# EXERCISE AIM
What you return must match the records below character for character, except that no picture appears.

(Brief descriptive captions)
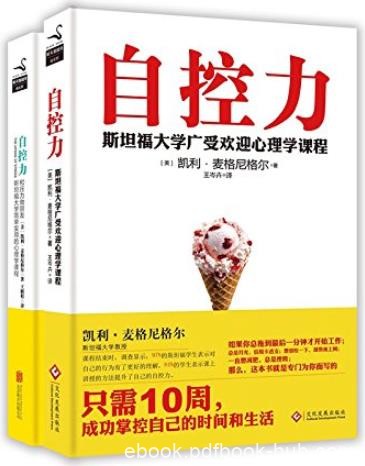 《自控力+和压力做朋友》[姊妹篇套装]/让生活变美好/epub+mobi+azw3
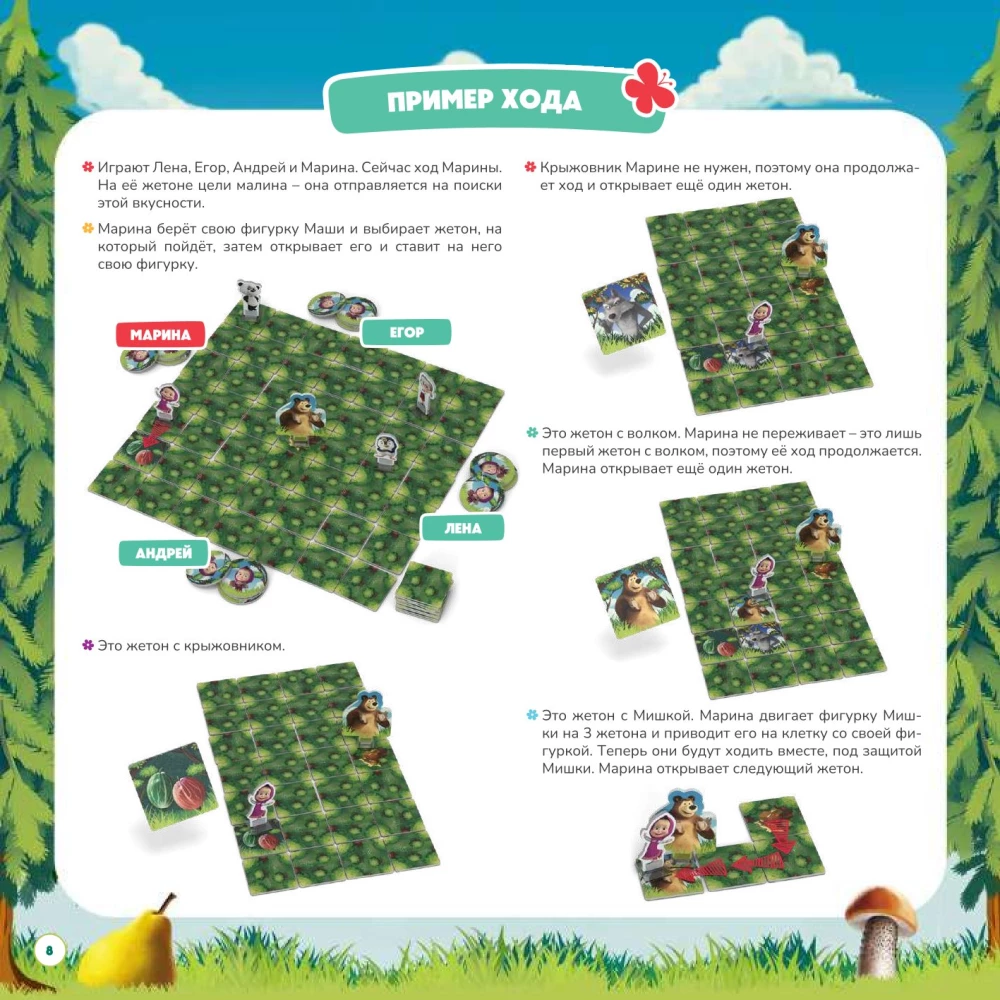 Gra planszowa - Masza i Niedźwiedź. Dzień dżemu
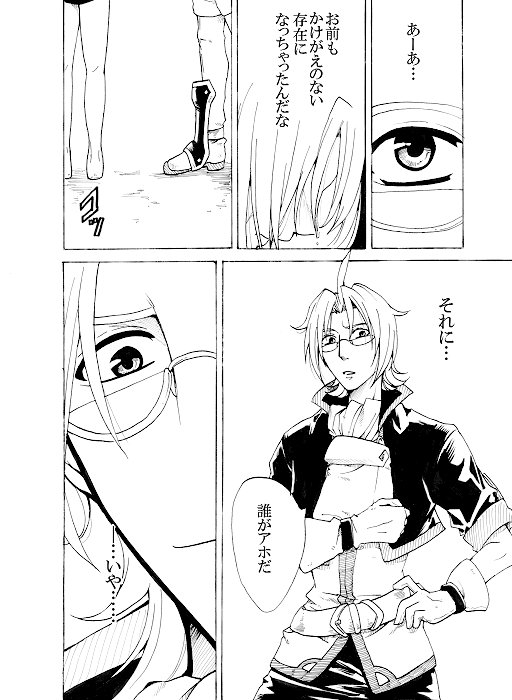 スヴェノマ「うつつ」スヴェンside. 22ページ目、続く。 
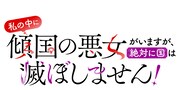 「私の中に傾国の悪女がいますが、絶対に国は滅ぼしません！」ロゴ (c)せひらあやみ・集英社TOON FACTORY/集英社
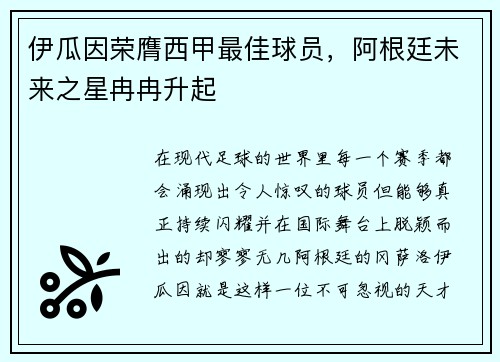 伊瓜因荣膺西甲最佳球员，阿根廷未来之星冉冉升起
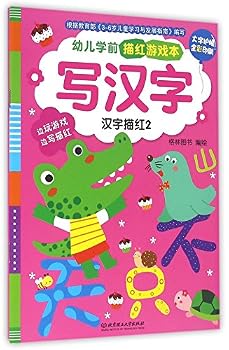 Paperback ???(????2????????)/????????? [Chinese] Book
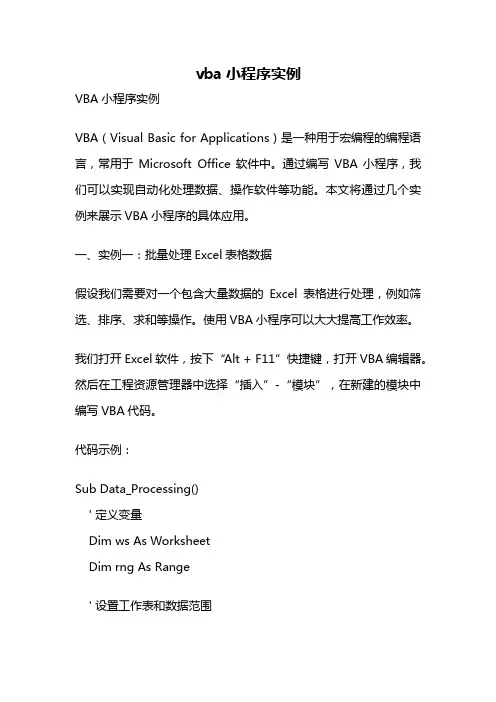 vba小程序实例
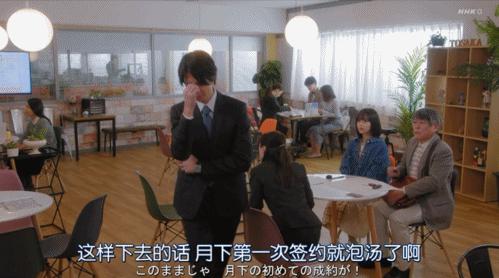 最近几年有什么好的日剧推荐几部,春季日剧推荐经典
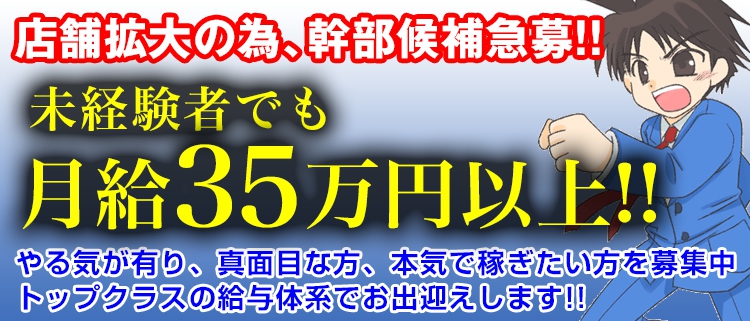 見学許可店 見学娘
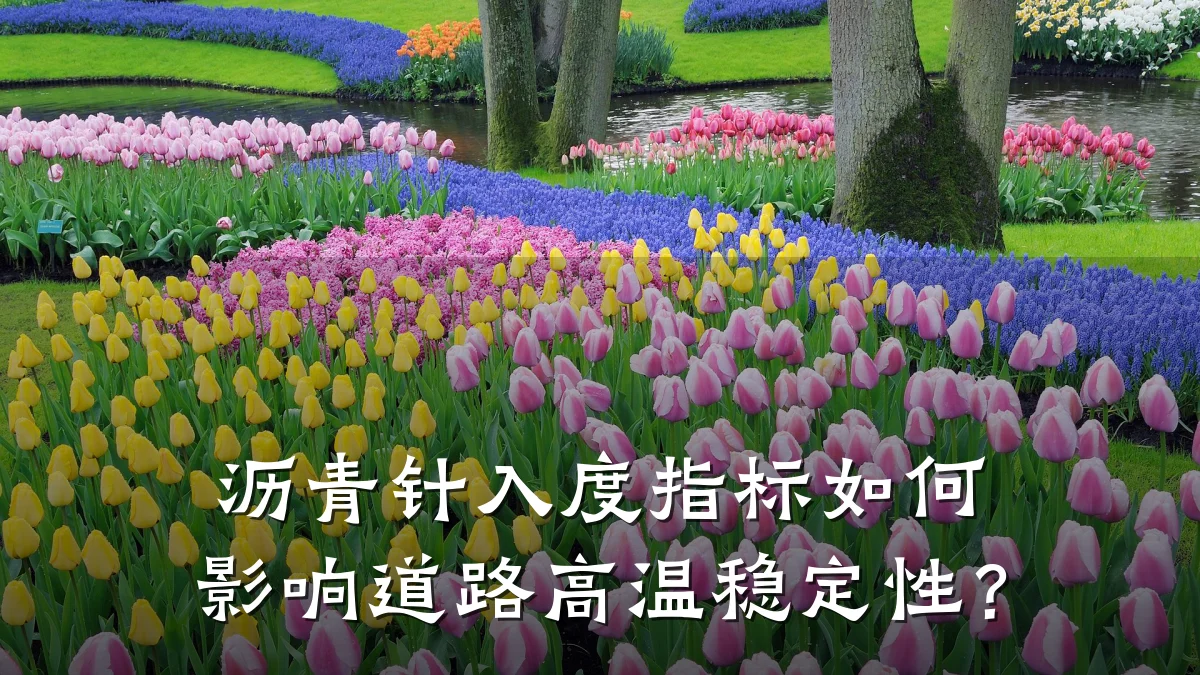沥青针入度指标如何影响道路高温稳定性?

# RESPONSE TO THIS EXERCISE
 《自控力+和压力做朋友》[姊妹篇套装]/让生活变美好/epub+mobi+azw3
 Gra planszowa - Masza i Niedźwiedź. Dzień dżemu
 スヴェノマ「うつつ」スヴェンside. 22ページ目、続く。 
 「私の中に傾国の悪女がいますが、絶対に国は滅ぼしません！」ロゴ (c)せひらあやみ・集英社TOON FACTORY/集英社
 伊瓜因荣膺西甲最佳球员，阿根廷未来之星冉冉升起
 Paperback ???(????2????????)/????????? [Chinese] Book
 vba小程序实例
 最近几年有什么好的日剧推荐几部,春季日剧推荐经典
 見学許可店 見学娘
沥青针入度指标如何影响道路高温稳定性?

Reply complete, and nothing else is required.